→ Your objective
After locating the line with "Gra HITMAN Rozgrzeszenie" below, output it and each following line exactly, stopping after the line with "Packpro écrous inox A2". No pictures.

→ Source data
■ ■ ■ ■ ■
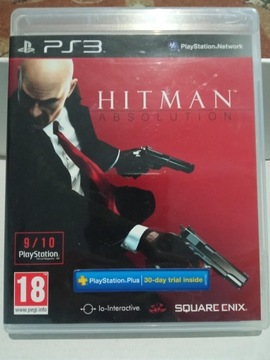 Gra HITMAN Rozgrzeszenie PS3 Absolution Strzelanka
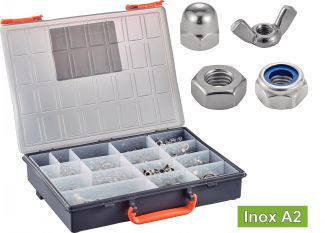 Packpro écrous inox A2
■ ■ ■ ■ ■
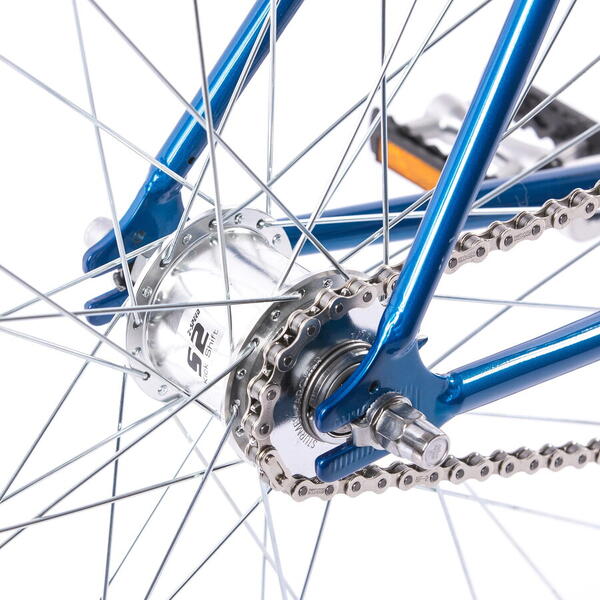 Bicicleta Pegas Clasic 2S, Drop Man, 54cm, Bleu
■ ■ ■ ■ ■
→ Exercise solution
 Gra HITMAN Rozgrzeszenie PS3 Absolution Strzelanka
 Packpro écrous inox A2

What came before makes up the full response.